Dataset content START

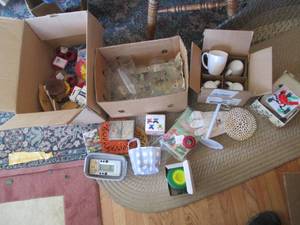 lot 30 image: Glass drinkware, ceramic mugs, tabl...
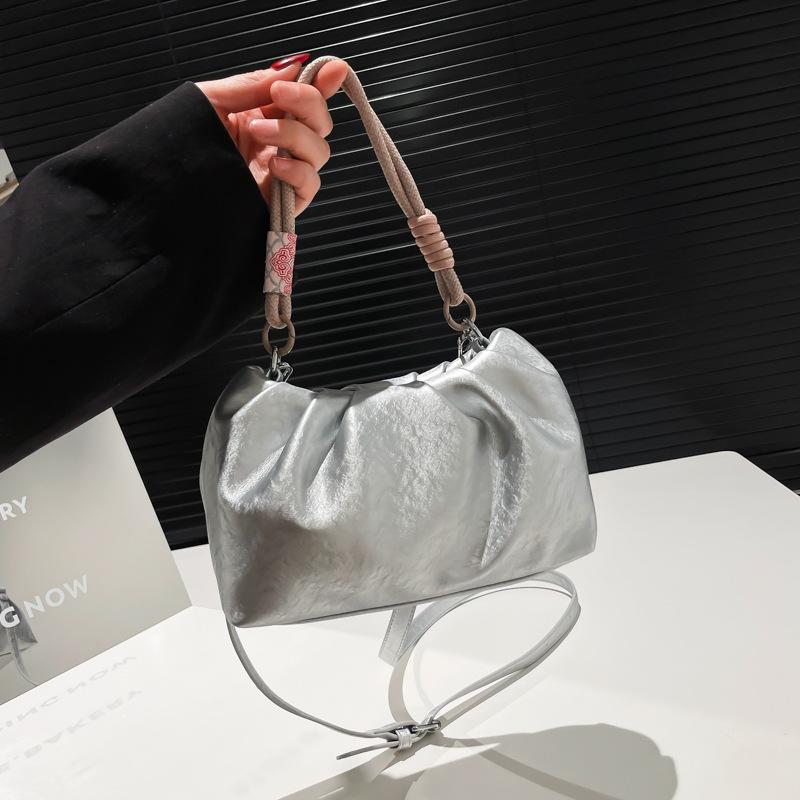 Niche Design Bag Women's Handbag 2025 New Fashion High-end Pleated Cloud Bag Messenger Small Square Bag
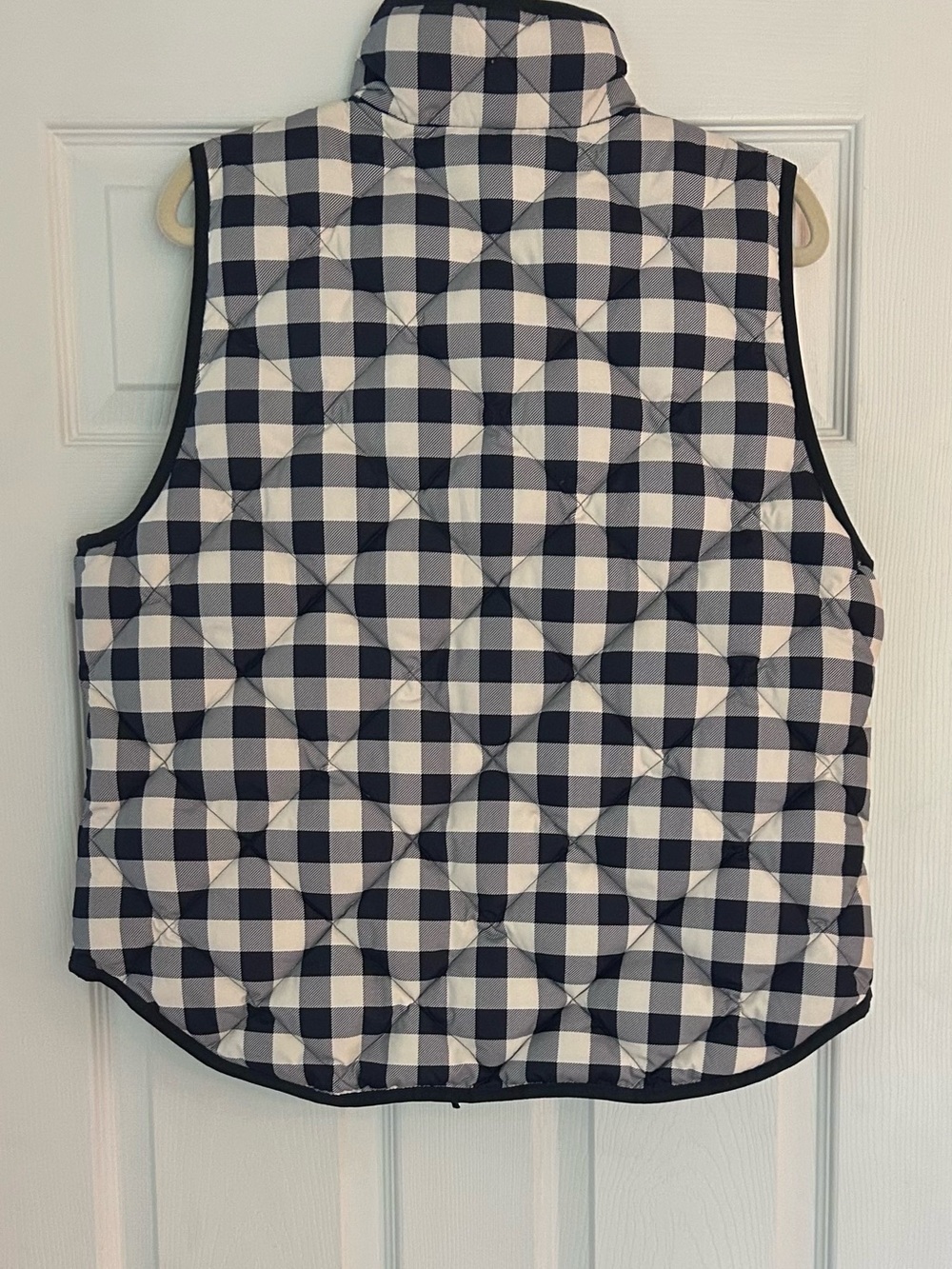 J. Crew Quilted Vest Size XL Blue Cream Plaid Down Filled - Picture 2 of 8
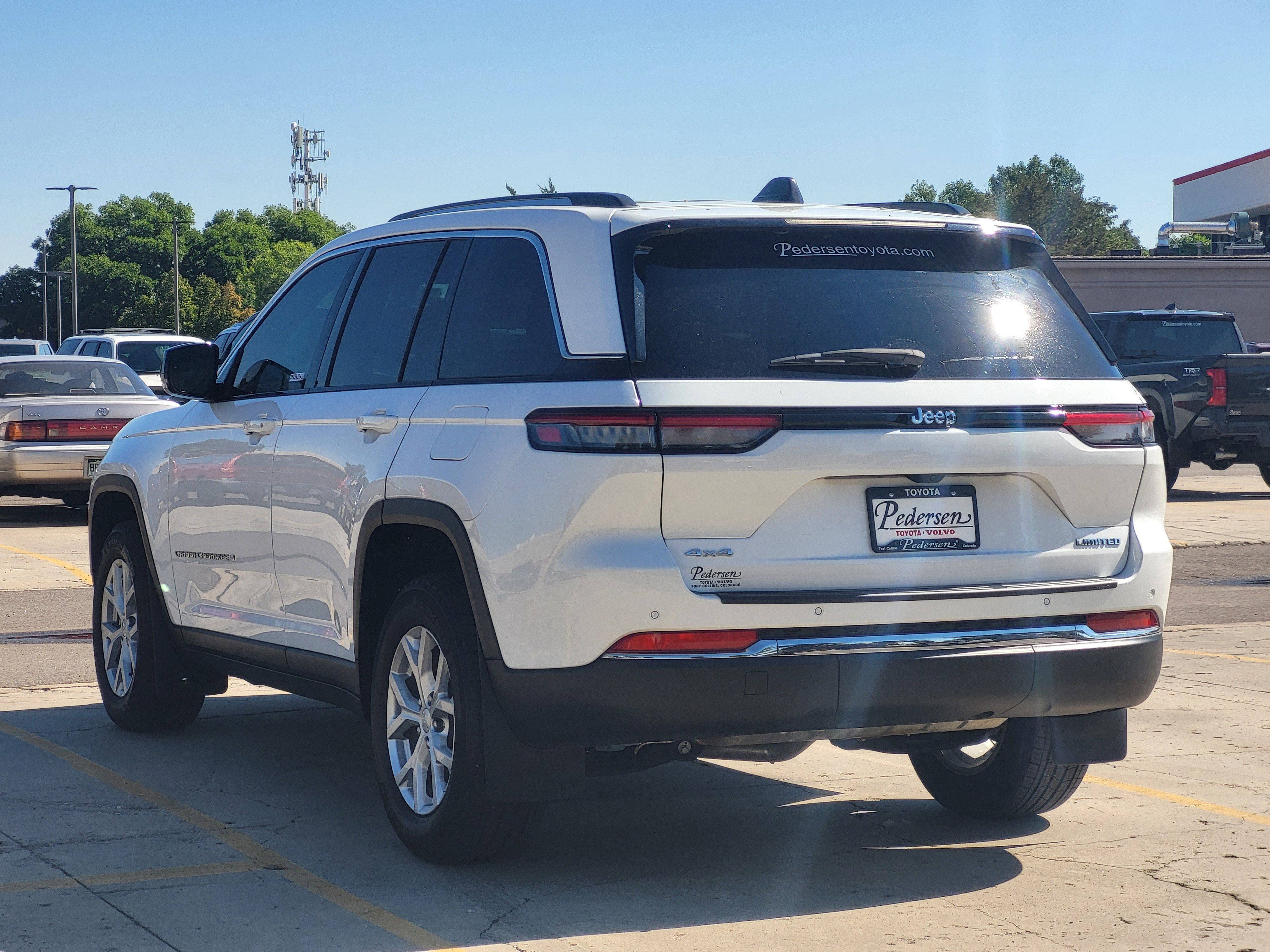 Used 2023 Jeep Grand Cherokee Limited w/ Trailer Tow Prep Group (B) AWD/4WD image 3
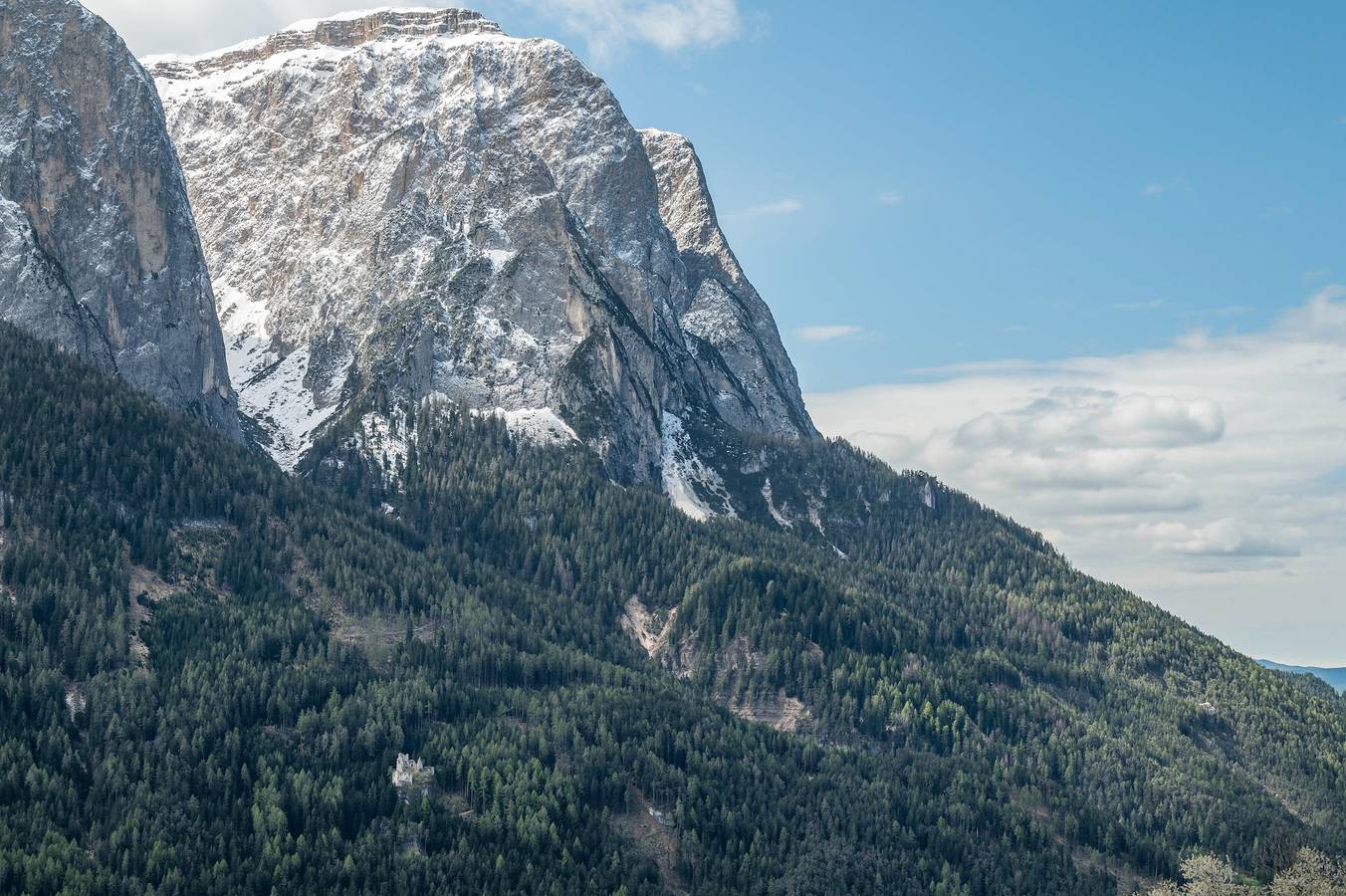 Ganze Wohnung, Ferienwohnung 'Ronsolhof Hauenstein' mit Bergblick, Gemeinschaftsgarten und Wlan in Seis am Schlern, Kastelruth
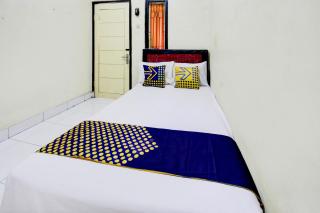 OYO Life 93260 Bale Kosan - Tanjung - 7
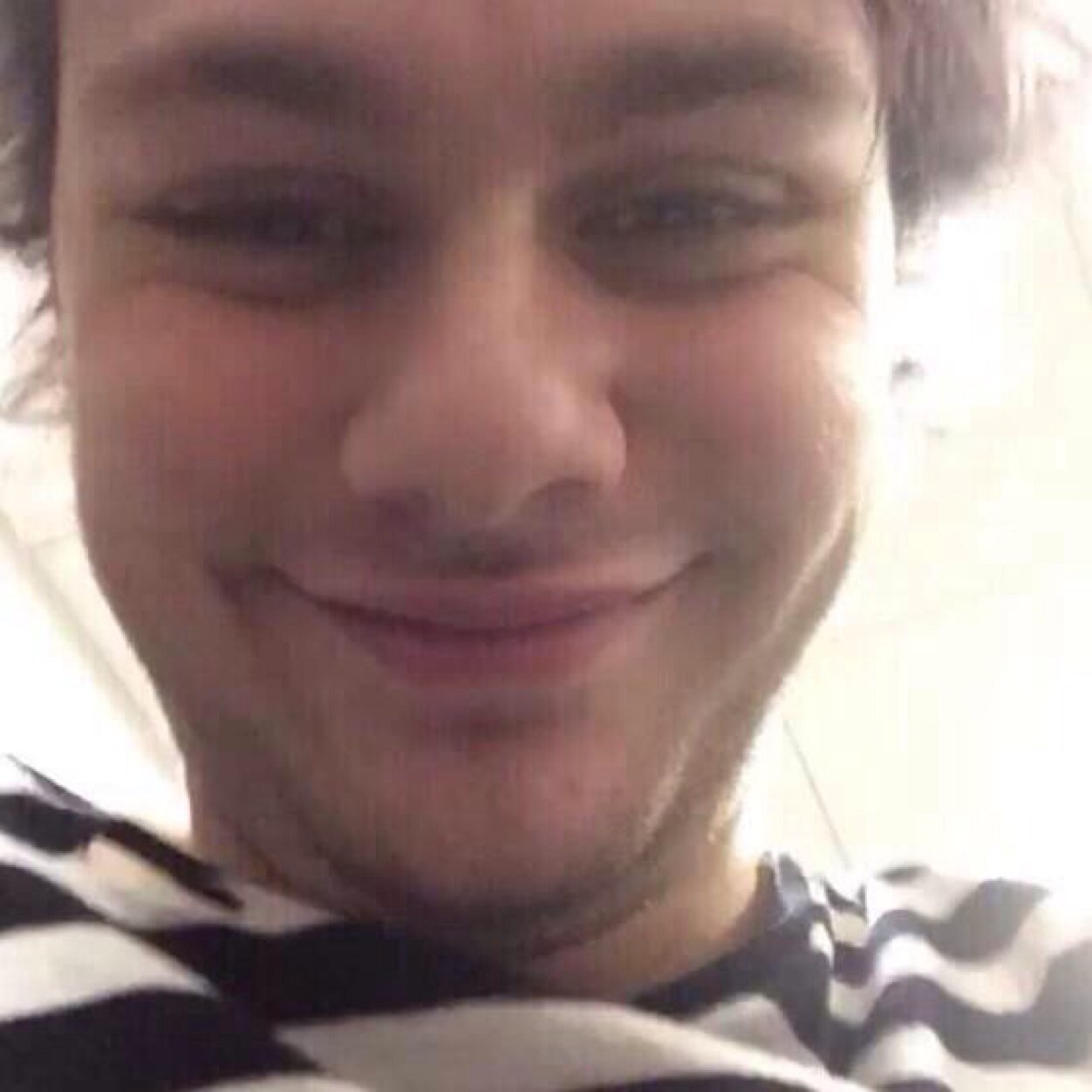 hiii.. follow @yourenoclifford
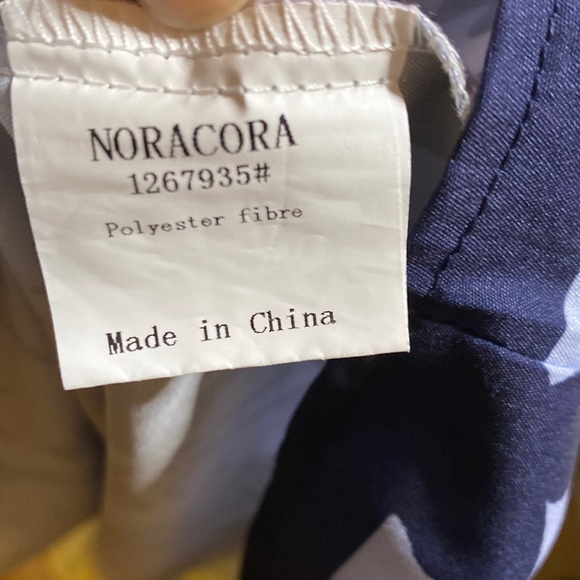 Noracora maxi dress in lavender and varying blue patterns - Picture 4 of 9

Dataset content END

Task goal
Every line from the one containing "OYO Life 93260 Bale Kosan - Tanjung - 7" through the last line of the data is to be retyped exactly, with nothing added and no pictures included.

Written answer
 OYO Life 93260 Bale Kosan - Tanjung - 7
 hiii.. follow @yourenoclifford
 Noracora maxi dress in lavender and varying blue patterns - Picture 4 of 9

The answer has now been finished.